Do: Prioritize transparency and ethics
Be transparent and ethical in the data visualization. Only present logical, coherent, and clear information in the analysis. Also, demonstrate the predefined business needs, terms, and definitions. Consider using consistent business language to avoid inconsistencies.
Don’t: Refrain from visual complexity
Balance simplicity with complexity in your visualization. This allows the audience to grasp key insights quickly while still having access to detailed, accurate data. Clarity and functionality should come first here to help your team become more data-driven in their work.
Don’t: Don’t make data visualization-related decisions autonomously
Since visualizations represent the end-product of data transformed into insights, they must reflect a collaborative team effort. Visualizations destined for external or non-technical use should be reviewed by people not involved in the process. This feedback can then be used to iron out any issues. Incorrect charts for different data or blanks in the visual narrative are common problems and make it hard if not impossible to make data-driven decisions.
Data visualization is key when you want to become a data-driven organization
Good data visualization depends on finding the balance between form and function. While a simple graph may look slick, it may lack sufficient detail. A colorful visual design may boost appeal, but it might fail to convey the message or even overcomplicate things.
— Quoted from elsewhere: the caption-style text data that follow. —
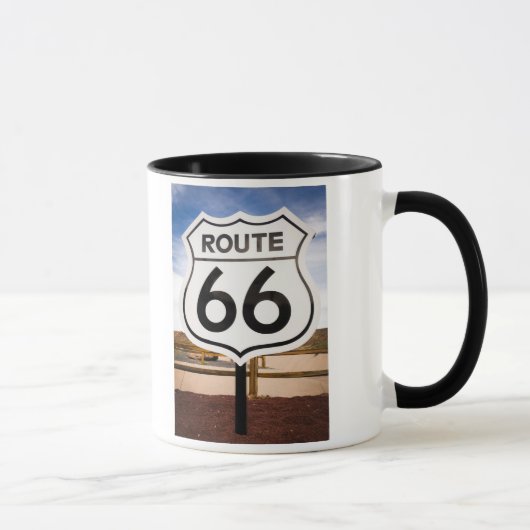 Mug Panneau routier Route 66, Arizona (Droite)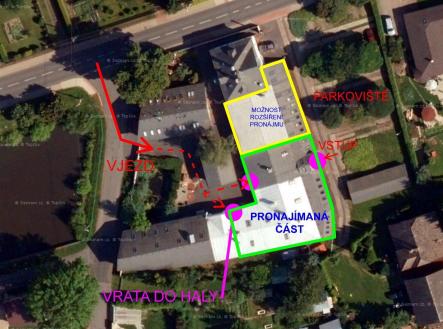 Pronájem - skladovací prostor, 350 m²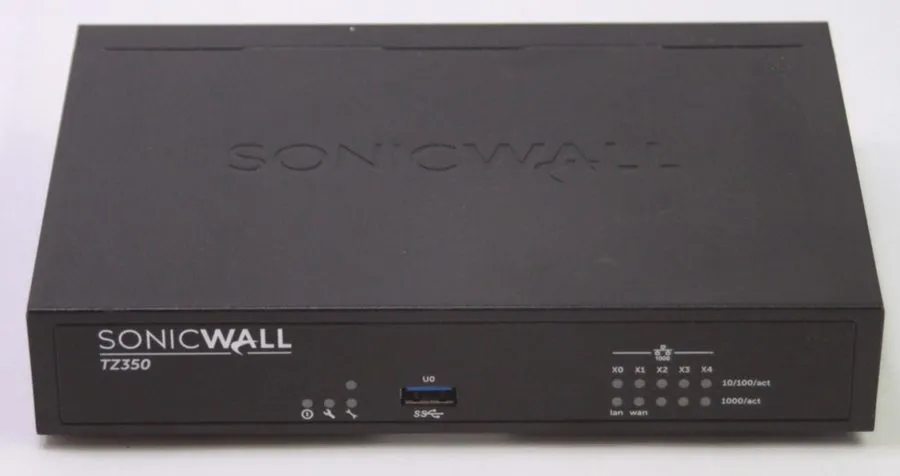Межсетевой экран SonicWALL TZ350 1.0 Gbps 5x 1GB RJ-45 Firewall NO PS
Data visualization is an iterative process that marries analysis with a story. The ultimate goal is to convey the data in a way that allows people to draw their conclusions (i.e., understand data) while navigating the story without getting frustrated or confused. People across the organization should feel that they have access to data they need.
It is an often tricky art, but when done right, data visualization enables truly data-driven decision-making, assists with effective data interpretation, and completes the data journey.